Показательно, что, вливая «новое вино в старые мехи», Лютер предпочитал самые старые мехи. Переосмысление христианско-католических понятий осуществлялось им не на текстах Фомы Аквинского или Альберта Великого, а на текстах Августина, Тертуллиана и, наконец, столь ценимого им апостола Павла. «Лютер переодевался апостолом Павлом»[27], — говорил К. Маркс.
Это стремление к облачению в костюмы дофеодальной древности вообще было свойственно выдающимся деятелям раннебуржуазной эпохи: ренессансные скульпторы выдавали (и даже принимали себя) за прилежных подражателей Фидия и Праксителя; Эразм молился Сократу; Уинстенли поверял свои действия по еврейским пророкам, а инициаторы Великой французской революции, как в том же месте говорит К. Маркс, драпировались в тоги римских республиканцев.
В текстах апостола виттенбергский теолог нашел яркое напоминание о трагичности христианского бога, которая была завуалирована средневековой католической схоластикой. Павел укрепил Лютера в его лично выстраданной догадке о тщетности аскетических служб и жертв и привлек внимание к образу Христа-страдальца, который в своей стойкости и вере возвышается над предписанными требованиями Закона. Но то, что в тексте Павла было различением, у Лютера превращается в энергичное реформаторское противопоставление.
Страстотерпец, а не жертвователь; мирской страдалец, а не священнослужитель — вот основной, исходный тезис, который виттенбергский доктор богословия, прячущийся за текст и имя апостола Павла, предложил миру, уже ввергнутому в острую дискуссию об упадке и кризисе римской церкви. Хотел того сам Лютер или нет, но его оппозиция кратчайшим путем вела к мысли о противоположности между Христом и его земным наместником — папой.

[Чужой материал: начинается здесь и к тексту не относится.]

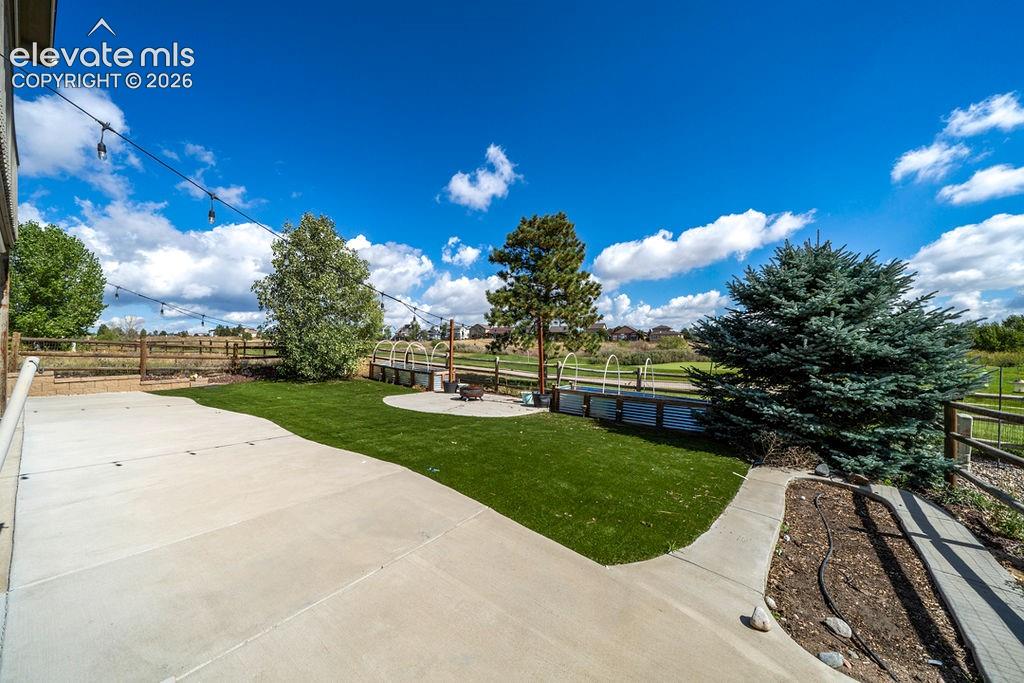 Expansive concrete patio with integrated artificial turf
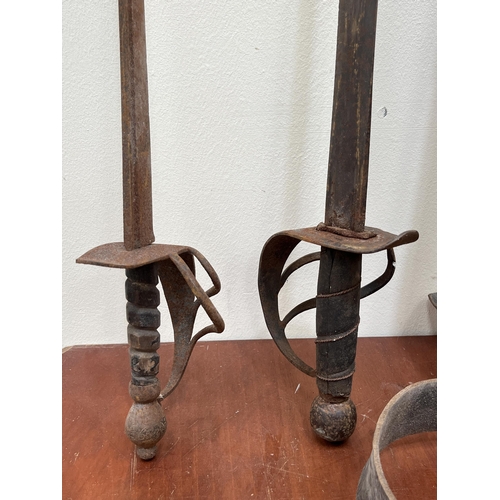 578 - Two swept hilt swords, one with leather scabbard. 36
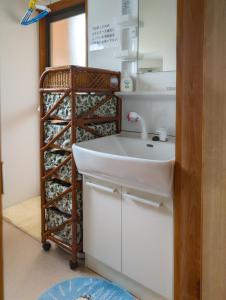 La salle de bains est pourvue d'un lavabo et d'une étagère avec des bouteilles de vin. dans l'établissement ゲストハウス634庵, à Sango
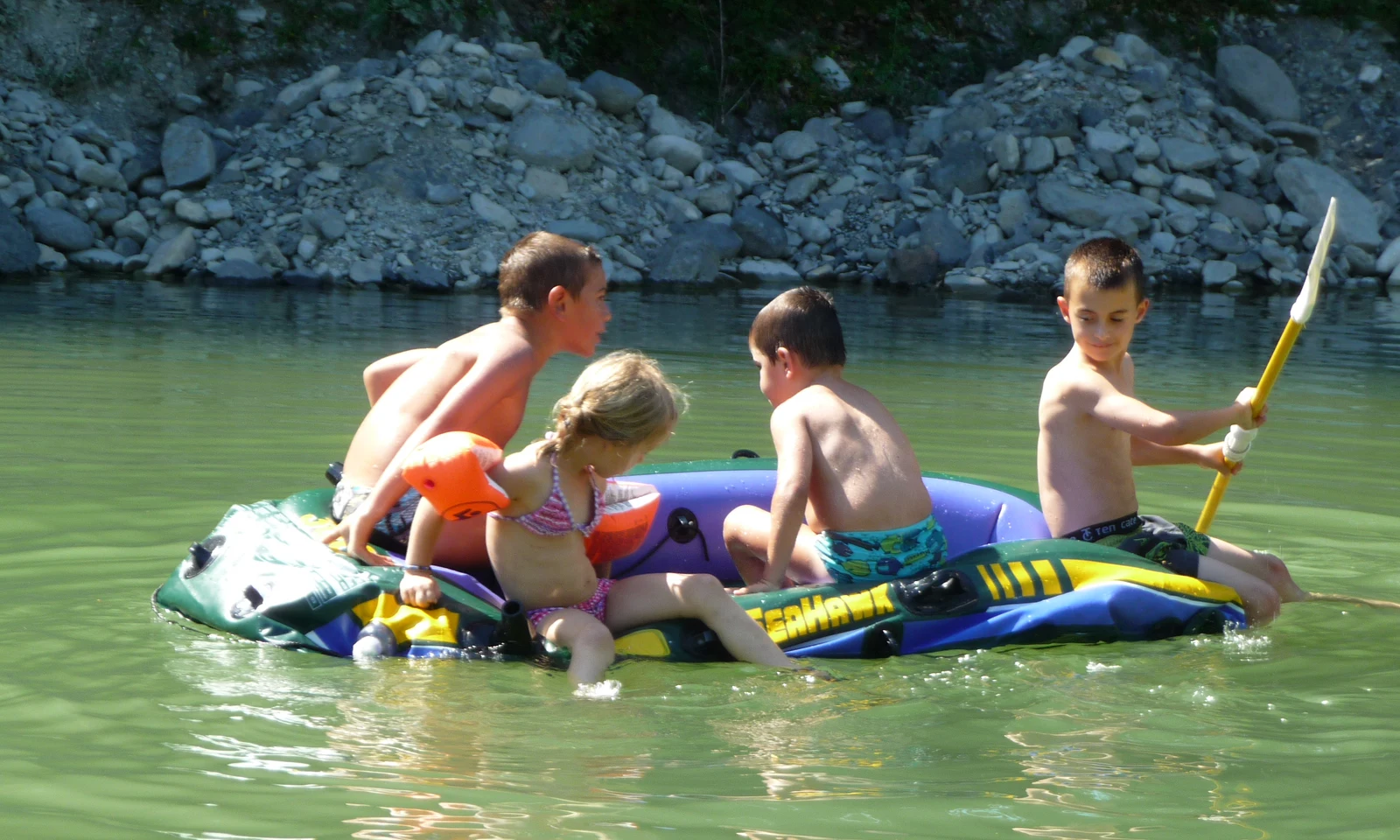 Children sitting on an inflatable raft paddle in a rocky river, surrounded by lush greenery at Les Arches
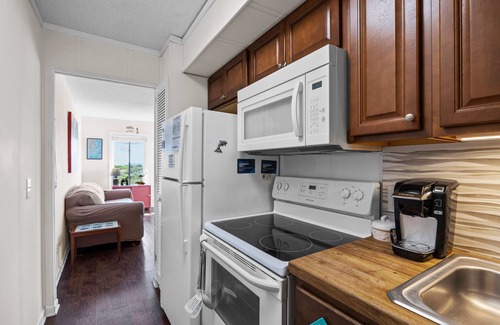 Morehead City Condo | Ocean view condo in beachfront complex with pools, tennis & beach gear
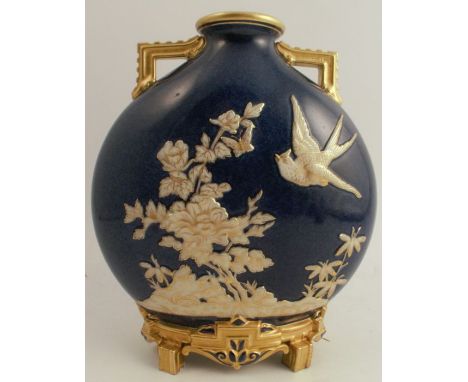 A Royal Worcester moon flask, the blue ground embossed in white and gilt flowers and bird, with gilt handles and base, height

Мученик в терновом венце и жрец в царственной тиаре. Бедный, гонимый учитель праведности и вельможный владыка, у которого целуют туфлю. Страдалец, смиренно приемлющий крест от мира, и глава суетливой армии священнослужителей, которые своими магическими и аскетическими действиями ежедневно насилуют небо. Таковы были наглядно-образные, самому простому человеку доступные сопоставления, которые пробуждала лютеровская проповедь терпения.

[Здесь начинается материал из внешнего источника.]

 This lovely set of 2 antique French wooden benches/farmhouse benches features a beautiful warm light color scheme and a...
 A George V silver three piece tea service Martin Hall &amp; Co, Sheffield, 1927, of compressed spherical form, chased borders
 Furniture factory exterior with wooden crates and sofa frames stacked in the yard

В 1513–1516 годах Лютер был еще далек от того, чтобы сознательно провоцировать какие-либо сравнения Христа и папы. Он хотел, чтобы христианин прежде всего в себе самом отделил страстотерпца от суетливого и расчетливого жертвователя. Но и в этом значении лютеровская проповедь терпения оставалась новаторской и далеко не безобидной. Дело в том, что под крестным испытанием (а это чрезвычайно емкий символ) виттенбергский теолог понимал прежде всего различные виды деятельности, бременем ложащиеся на плечи людей. Каждый, говорил он, должен быть послушен тем трудом, которым покарал его господь. Но это означало, что главным выражением терпения признавалось мирское деловое упорство.

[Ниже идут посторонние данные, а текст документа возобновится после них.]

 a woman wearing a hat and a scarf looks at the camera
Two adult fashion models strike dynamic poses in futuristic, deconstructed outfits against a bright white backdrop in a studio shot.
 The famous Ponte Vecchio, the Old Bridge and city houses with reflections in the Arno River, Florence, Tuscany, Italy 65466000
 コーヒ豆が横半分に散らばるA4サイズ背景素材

Христос-страстотерпец, рассуждал Лютер, смотрит не на внешний результат деятельности и уж, конечно, не на то, как она «котируется». Он «читает в сердцах»: в поступке его интересует мотив, в труде — усилие, которого тот стоил самому работающему.
Позднее реформатор разовьет из этой посылки важные этические и экономические идеи. Пока до них еще далеко, но примечательно, что уже в «Чтениях о Послании Павла к Галатам» Лютер ничего не хочет знать ни о преимуществах сакральной деятельности перед трудом мирян, ни о преимуществах «высоких» и «благородных» занятий перед занятиями «низкими». Он говорит даже, что чем ниже и презираемее работа, тем выше в глазах бога человек, который по мотивам терпения принимает и выполняет ее.
Это было воззрение, в котором давно уже нуждался предприимчивый мансфельдский горняк, с тяжелым сердцем опускавшийся в забой, чтобы «копаться в грязи» и «обирать земные недра».
Но нарождающийся предприниматель нашел бы в ранних лютеровских «Чтениях» и иные, еще более общие нравственно-религиозные стимулы. Он мог бы расслышать в них, например, что богу угодны ценности, нажитые честным прилежанием, а не вымогательством и спекуляциями; что каждый пфенниг, политый потом, как бы он потом ни расходовался, по небесному счету стоит больше, чем десять шальных гульденов, пожертвованных на церковь. Он мог бы расслышать, наконец, что Христу-страстотерпцу дороги даже безуспешные усилия в честных делах. Терпеливый не должен впадать в апатию. Он сносит и поражение; ему, говорит Лютер, следует еще и еще раз делать разбег и, подобно святому Арсению, после каждой неудачи чувствовать, что он снова только начинает жить с богом. Реформаторская проповедь терпения била, с одной стороны, по богослужебной суете, в которую впадает кающийся преуспевший мошенник, с другой — по унынию, апатии и лени.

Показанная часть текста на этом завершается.